Even in TV comedy narratives that don’t involve outright unfaithfulness, we still find women who have extricated themselves from relationships with men who seem incapable of evolving. On Younger, Liza didn’t commit adultery (she gets together with Josh post-divorce), but she did leave a husband whose gambling addiction put her in a difficult financial position and end a marriage that shoved her career to the back burner. Sam (Pamela Adlon), the single mom heroine of FX’s Better Things, is no longer with her husband because it’s clear he can’t be bothered to help raise their daughters, a fact that will be further emphasized when he finally surfaces in a soon-to-air episode.

Several of the guys in the relationships I’ve cited fit the classic man-child profile: They’re emotionally stunted dudes who make irresponsible decisions, lounge around the house all day, wallow in emotional immaturity, and show minimal consideration for their girlfriends/wives. Several of the men in the marriages and relationships I mentioned earlier — Robert on Divorce, Lawrence on Insecure, Desi on Girls — exhibit some of these qualities, at least initially. On Better Things, Jeff, the spouse of Sam’s best friend Sunny (Alysia Reiner) serves as the textbook example of a man-child, and in episode three Sam makes that abundantly clear to him. “Do you know what that’s like?” she asks him. “To watch your friend, someone you love, who’s like a goddess, with the power to fly to the moon and shine a light on the world, and she ends up using all of that power just to keep her fat, shit, useless, boring, stoner husband barely afloat? It’s just a shame, Jeff.”

So far, Sunny hasn’t broken free of that marriage, a reminder that even though some women conclusively hit the brakes on relationships that aren’t working, others still keep driving on fumes. Just as women aren’t adhering to traditional expectations, neither is TV comedy right now, which means that not every XX-chromosomed character is some bastion of righteous female empowerment.

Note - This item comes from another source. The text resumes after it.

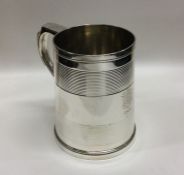 EXETER: A Victorian silver pint mug. 1881. By JW&C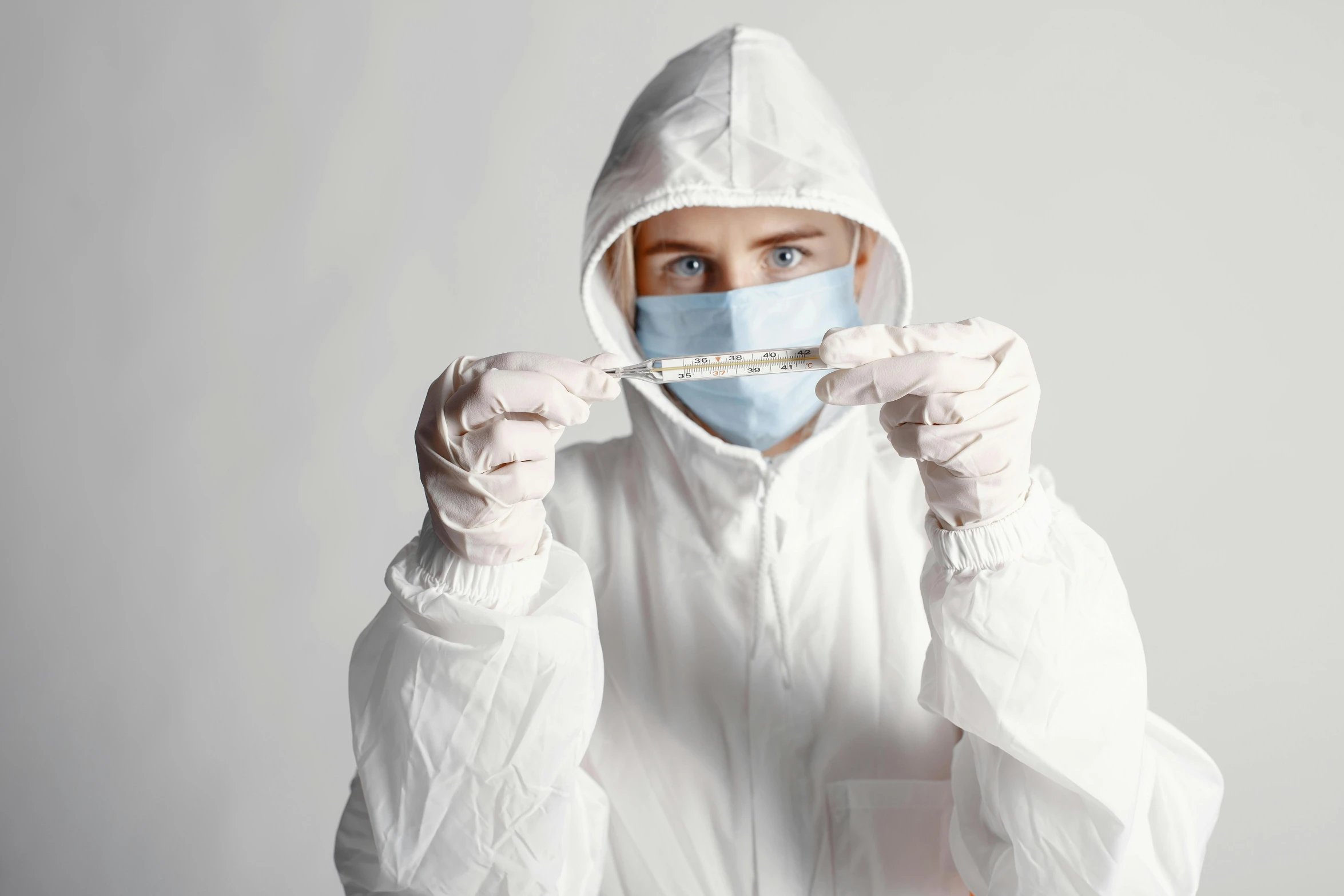 a person wearing a protective suit and gloves, an album cover, pexels contest winner, syringe, white clothing, concentration, avatar image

Lindsay on You’re the Worst may be unafraid to announce her dissatisfaction with Paul, but she’s as much of a woman-child as any man-child on TV. (It’s worth noting that she still doesn’t have the courage to end the marriage, or the wherewithal to function on her own.)  On The Good Place — the most non-network sitcom to debut on a major network this fall — Eleanor (Kristen Bell) engages in a lot of stereotypically bro-ish behavior, punctuating sentences with “man” and “dude” and just generally behaving selfishly toward others, including her supposed heavenly soulmate Chidi (William Jackson Harper). “We just have different interests,” she says of her partner. “I like relaxing. He likes getting on my case about the dishes.” It’s a funny line made sharper by the fact that it’s a woman saying it.

Similarly, not every guy is necessarily the inconsiderate good-for-nothing he initially may appear to be. To go back to both Divorce and Insecure, future episodes slowly reveal that, while both Robert and Lawrence have their flaws, they’re also much more than lumps of man-baby inferiority. From Robert, we will continue to see some doltish behavior but also surprising flashes of generosity toward the woman he married. In future episodes of Insecure, Lawrence, especially, reveals himself to be a decent guy who wants to do right by Issa and is willing to make sacrifices to get his career back on track. He’s hardly, like Jeff on Better Things, useless; in fact, he’s just as flummoxed by figuring out what to do with his life as Issa is.

In other words, relationships and people: They’re complicated. By showing us that women are more emboldened to strike out on their own, television is broadening and deepening its portrayals of both genders and reflecting the truth: that it’s hard for anyone trying to make a relationship work, and harder still to figure out when it’s time to call it quits.